[TRY IT] The expected answer is a single number, namely how many lines in the data below hold the word "with".

[RECORD EXTRACTS]

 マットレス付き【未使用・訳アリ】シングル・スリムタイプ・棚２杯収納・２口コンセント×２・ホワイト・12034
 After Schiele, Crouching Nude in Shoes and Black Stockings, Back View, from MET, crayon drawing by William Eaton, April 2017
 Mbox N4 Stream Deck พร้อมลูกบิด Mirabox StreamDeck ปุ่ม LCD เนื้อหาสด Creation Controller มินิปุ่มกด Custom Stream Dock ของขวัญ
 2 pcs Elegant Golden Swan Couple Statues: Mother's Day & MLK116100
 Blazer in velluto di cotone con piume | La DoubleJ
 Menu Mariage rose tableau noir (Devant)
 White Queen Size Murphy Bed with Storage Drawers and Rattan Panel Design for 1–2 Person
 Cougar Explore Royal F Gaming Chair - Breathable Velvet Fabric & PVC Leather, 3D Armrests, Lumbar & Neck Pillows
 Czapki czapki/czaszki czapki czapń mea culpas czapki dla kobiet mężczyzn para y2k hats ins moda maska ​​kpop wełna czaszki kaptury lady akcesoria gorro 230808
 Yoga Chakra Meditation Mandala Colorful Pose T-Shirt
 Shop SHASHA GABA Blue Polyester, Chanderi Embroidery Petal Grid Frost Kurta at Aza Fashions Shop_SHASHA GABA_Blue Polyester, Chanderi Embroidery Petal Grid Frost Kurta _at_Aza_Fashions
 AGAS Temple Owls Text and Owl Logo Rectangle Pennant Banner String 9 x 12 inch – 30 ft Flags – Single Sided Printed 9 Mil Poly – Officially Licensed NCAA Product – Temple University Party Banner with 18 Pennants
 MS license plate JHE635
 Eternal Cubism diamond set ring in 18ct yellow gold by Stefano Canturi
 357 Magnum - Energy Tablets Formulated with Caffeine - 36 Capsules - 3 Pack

[PROBLEM SOLUTION] 3